Sobra desilusão também com o PT, partido no qual iniciou a nova profissão como militante.
"Fui afastado das campanhas do PT acusado de "despolitizante", sem ideologia, agora o Duda Mendonça orienta o discurso do partido, escolhe o vice de Lula [sobre a polêmica acerca do senador José Alencar, do PL mineiro" e manda José Genoino [candidato do PT ao governo paulista" prometer a Rota nas ruas, para bater em pobre", disse.
Leia a seguir os principais trechos da entrevista:
 

Folha -Por que resolveu, para usar uma expressão popular, "cuspir no prato que comeu?"
Chico Malfitani
- A mentira chegou a um grau insuportável. A gente enganando o povo leva a uma profunda desilusão com a politica. Por isso que faço a reflexão agora. É um crime que põe em risco a própria democracia, ainda mais em um país com tradição de golpes como este. É um crime. Os marqueteiros estão ajudando a radicalizar a idéia de que todos os políticos são iguais. Porque as campanhas são as mesmas, tudo Big Mac, globalizaram tudo.

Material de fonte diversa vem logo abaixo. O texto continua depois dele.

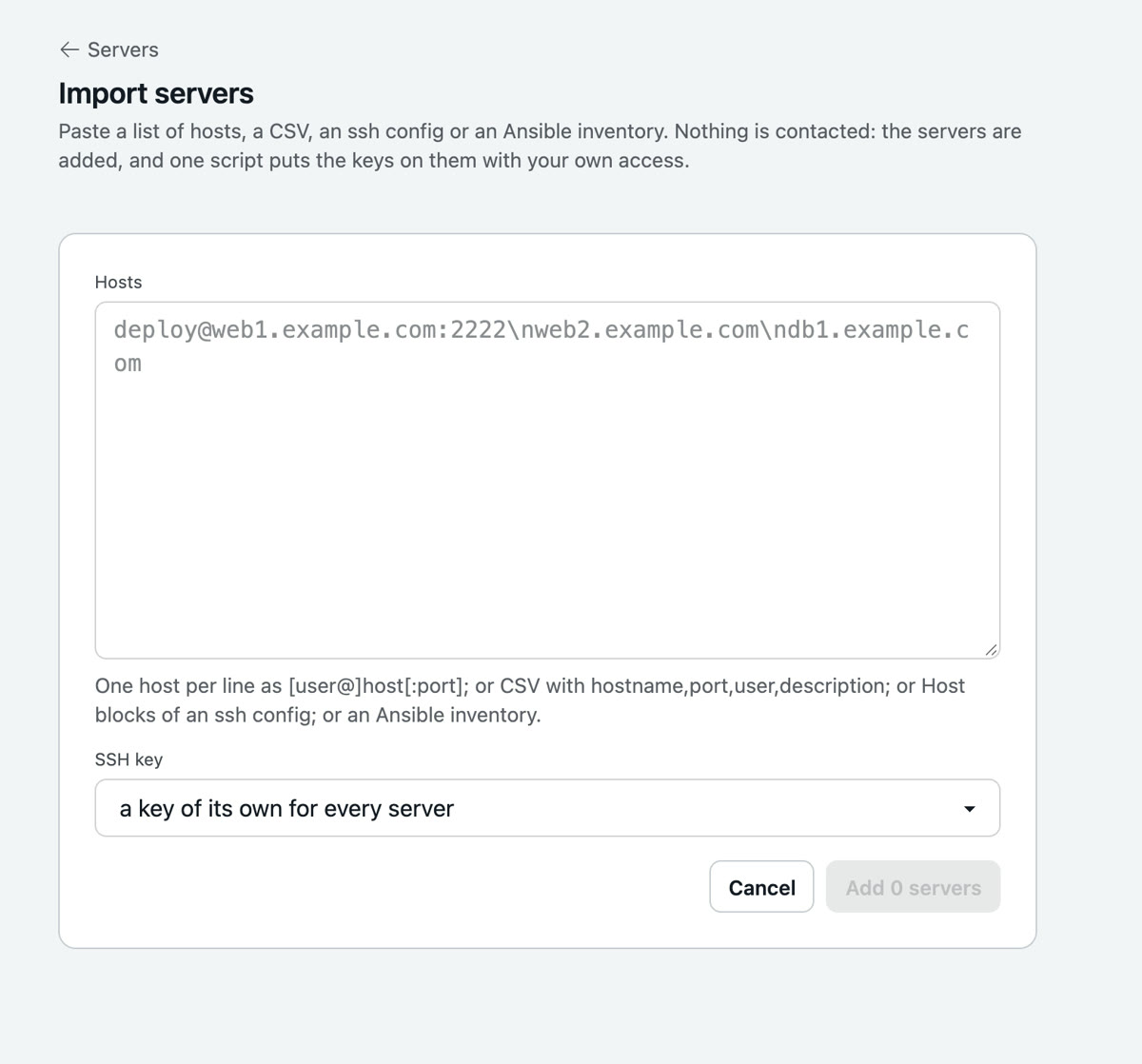 The form Import servers: a text field for hosts with the example deploy@web1.example.com:2222, the explanation of the four formats and the choice between a key of its own for every server and a shared one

Folha - Mas teria outro jeito, já que se trata de publicidade. Não faz parte da natureza publicitária?
Malfitani
- Tem como fazer um programa que não faça o povo de bobo, sem mentiras e que não seja chato. A publicidade de produtos também vende mentira, mas tem uma diferença: se eu não gostar da cerveja, eu troco por outra. Se eu não gostar das Havaianas, eu troco pela Raider. O político, não. Você vai ter de ficar os quatro anos com ele. Não tem devolução. Daí o tamanho da responsabilidade da gente. Não pode ser Pôncio Pilatos, lavar as mãos e dizer que é um trabalho como outro qualquer. Não é. É muito diferente.

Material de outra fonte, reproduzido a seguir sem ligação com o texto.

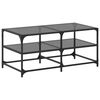 vidaXL sofabord med sort glastop 98,5x50x45 cm st&aring;l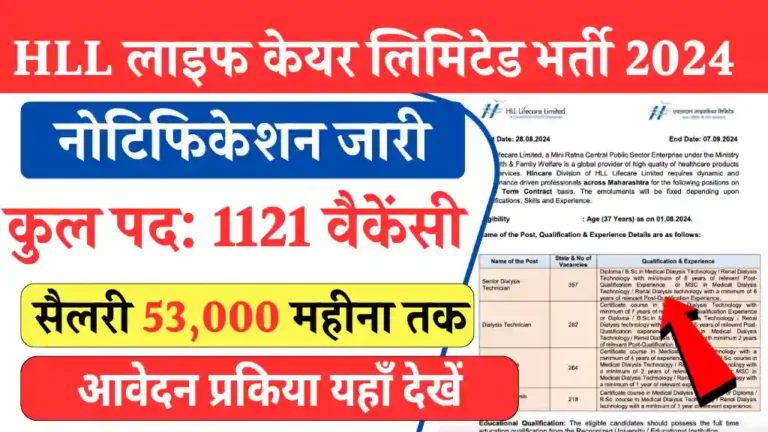HLL Lifecare Limited Vacancy 2024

Folha - Acha que seria o caso de criar um Conar (o conselho que regulamenta a publicidade de produtos) para a propaganda política?
Malfitani
- Do jeito que anda a coisa, deveriam criar um organismo de controle, sim. Rigoroso. Nesse sentido é que resolvi fazer essa alerta. Outro dia, numa palestra na PUC (Pontifícia Universidade Católica), ouvia uma publicitária, que trabalha com o Nizan [Guanaes" dizer como se fazia uma campanha política.
Primeiro faz uma pesquisa, vê o que o povo quer ouvir, aí manda o candidato dizer isso e aquilo. Aí eu gritei: pára, pára, pára. Esse esquema virou uma coisa normal, ninguém mais estranha.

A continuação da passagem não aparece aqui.